Non va dimenticato inoltre che gli stranieri difficilmente possono contare su fonti di guadagno alternative al reddito da lavoro (affitti, rendite, ecc.) o sul supporto delle reti familiari. La retribuzione mensile mediana per un dipendente straniero è pari a 1.020 euro al mese, il 24% in meno rispetto ai 1.350 di un lavoratore italiano. In termini di retribuzione oraria la differenza è di circa 1,80 euro l’ora: un lavoratore straniero guadagna quindi il 19% in meno di un lavoratore italiano.

Dopo aver analizzato le caratteristiche dei lavoratori stranieri, possiamo tentare di rispondere ad un’altra questione fondamentale: “qual è il contributo dei lavoratori immigrati al sistema nazionale italiano?”

Uno studio della Banca d’Italia stima il contributo dell’immigrazione alla crescita dell’economia italiana: in particolare, nel periodo 2001-11 la crescita dovuta all’immigrazione arriva al 6,6%, mentre in mancanza di immigrazione il valore sarebbe stato negativo (-4,4%). Nell’ultimo quinquennio (2011-16) la crescita grazie all’immigrazione è pari al 3,3%, senza sarebbe stata -6,1%.

Il contributo degli immigrati è quindi decisivo per la crescita del PIL. E’ importante sottolineare che si considerano tutti gli immigrati regolari inseriti nel contesto economico italiano, ovvero i quasi 2,5 milioni di occupati che equivalgono ai 10,6% dei lavoratori totali italiani.

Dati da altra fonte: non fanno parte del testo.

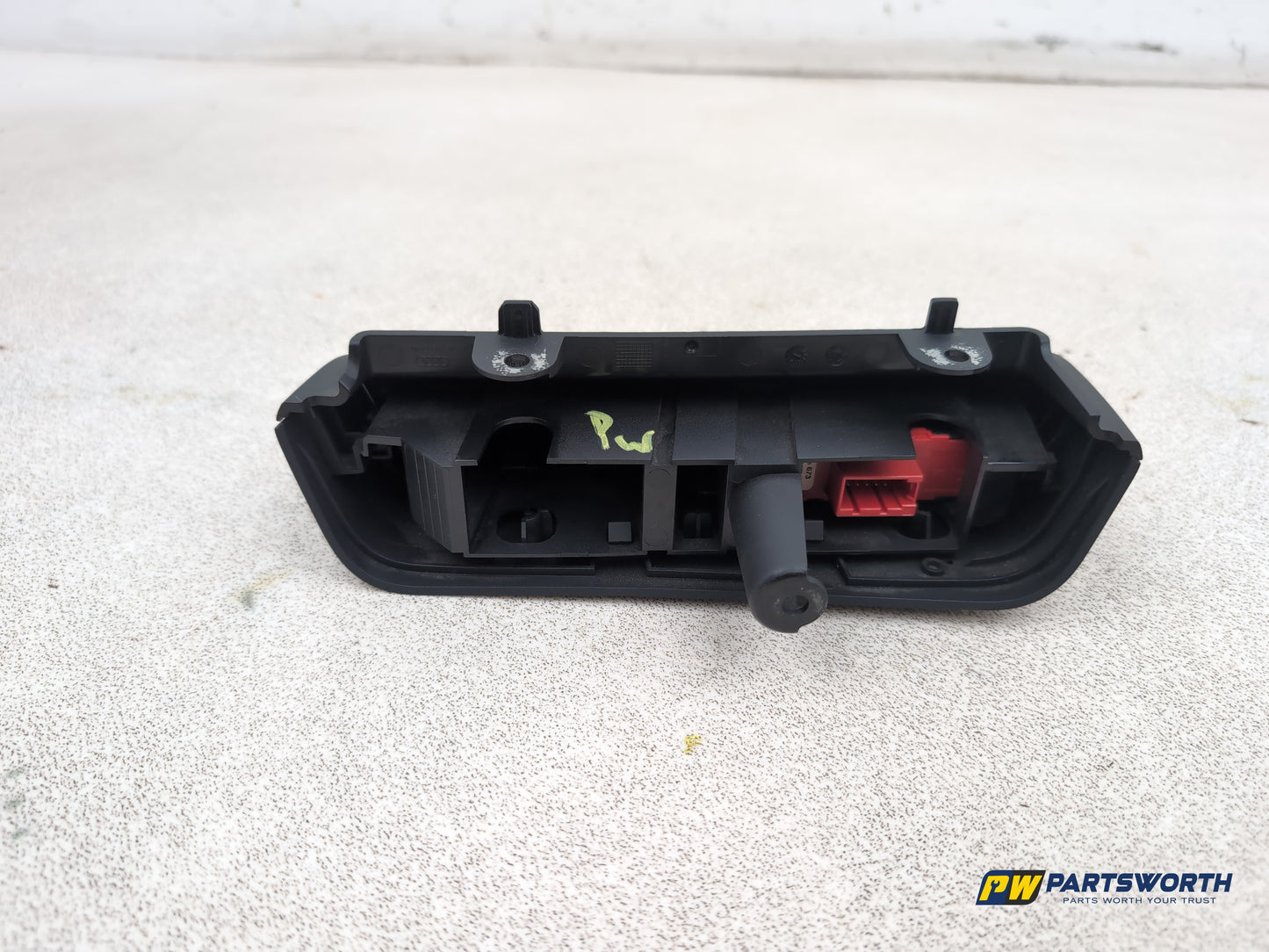 Audi A1 Contrast Edition Tdi Traction Control Switches 8x2857851 2010-2012 - photo 4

La ricchezza prodotta da questi lavoratori è stimabile in 139 miliardi di euro, ovvero il 9% della ricchezza nazionale. In termini assoluti, la maggior parte del PIL dell’immigrazione è prodotto nel settore dei servizi dove si registra la maggior parte di occupati stranieri (45,1%). Incide maggiormente nel settore degli alberghi e ristoranti (18,6%), nell’agricoltura (17,8%) e nelle costruzioni (17,6%).